The Dr. Joseph H. Blackstead Scholarship Fund will award scholarships on the basis of need to DoDDS high school students in Germany who are planning to teach.
Dr. Joseph Henry Blackstead (Dr. B) was born in Minot, North Dakota. Joe attended Fort Yates High School near the Standing Rock Indian Reservation in Fort Yates, North Dakota, where his father worked for the WPA. He excelled in sports, academics, and leadership; however, he also experienced firsthand the educational deprivation suffered by the Native American students.
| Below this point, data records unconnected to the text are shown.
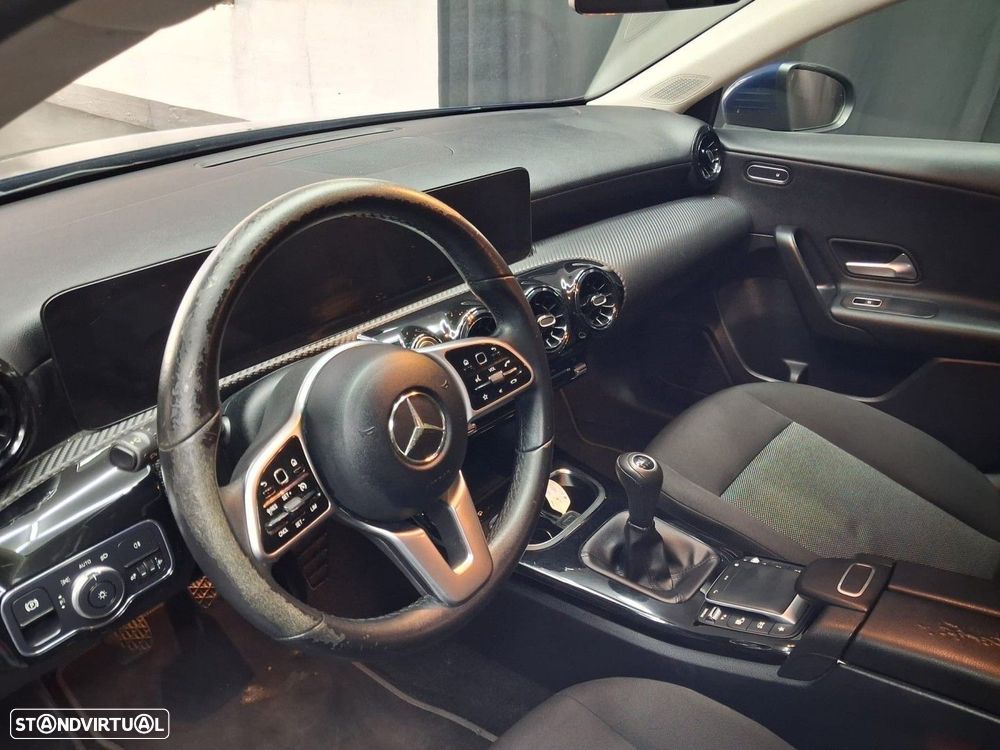 Mercedes-Benz A 160 Style - 10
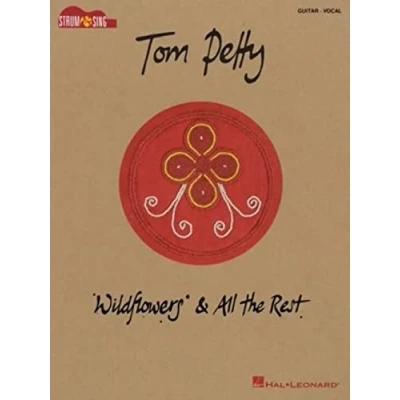 Abbildung von Tom Petty Wildflowers &amp; All the Rest (Strum Sing)
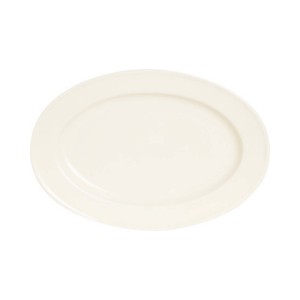 Półmisek owalny 390x270 Fine Dine CREMA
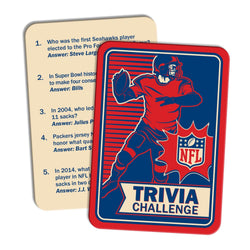 NFL Trivia Challenge (ONLINE ORDER ONLY)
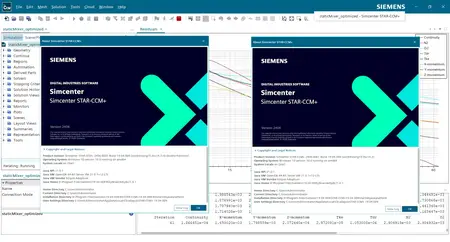 Siemens STAR-CCM+2406.0001 with Tutorials & Verification Suite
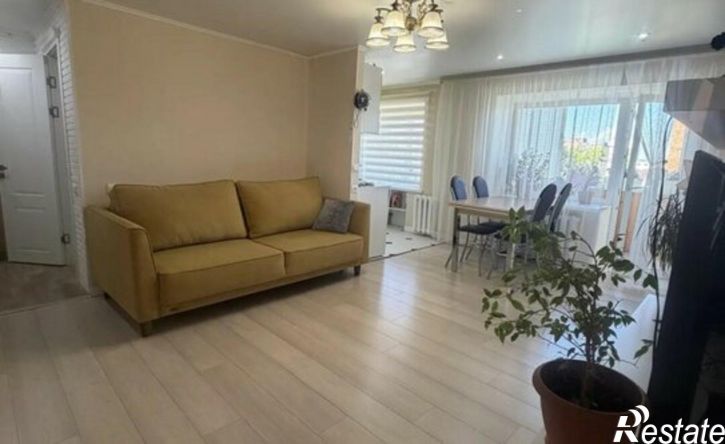 3-комн квартира пр-кт Ленина, 50,  д. 50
Joe entered the University of North Dakota on a football scholarship, but his education had to be postponed during World War II. After the war, he completed his B.A. at the University of Portland and started his first teaching job.
In 1952, Joe joined the overseas military school system and relocated with his wife Betty and daughter Bobi to Nurnberg, Germany, as a math teacher and coach. His original intent was to teach for one year. That one year turned into a 42-year career including positions as teacher and coach at Nurnberg High School in Germany and Madrid High School in Spain; as principal of Johnson High School in Japan; as superintendent of Yakota-Johnson Complex in Japan; as deputy director of the Pacific Region in Japan and Korea; as director of the North Germany Region; as director of DoDDS in Germany; and finally, as director of DoDDS in the European Region. His daughter Libby and son Joey were born in Germany. His daughter Trish was born in Japan. After a very long illness, his wife Betty passed away.
Joe completed his M.A. at the University of Oregon in 1962 and his doctorate in Educational Administration at the University of Arizona in 1973. He was highly praised for his doctoral dissertation, which was both scholarly and practical. He received the NCA's John W. Vaughn Award for Excellence in Education and a Phi Delta Kappa chapter award for Educational Administrator of the Year, and he was listed in “Who's Who in American Education.”
In 1992, Joe married Dr. Barbara Dubnick, a guidance counselor at Frankfort Elementary School and former DoDDS teacher and school psychologist. When Joe retired in 1994, they returned to the U.S.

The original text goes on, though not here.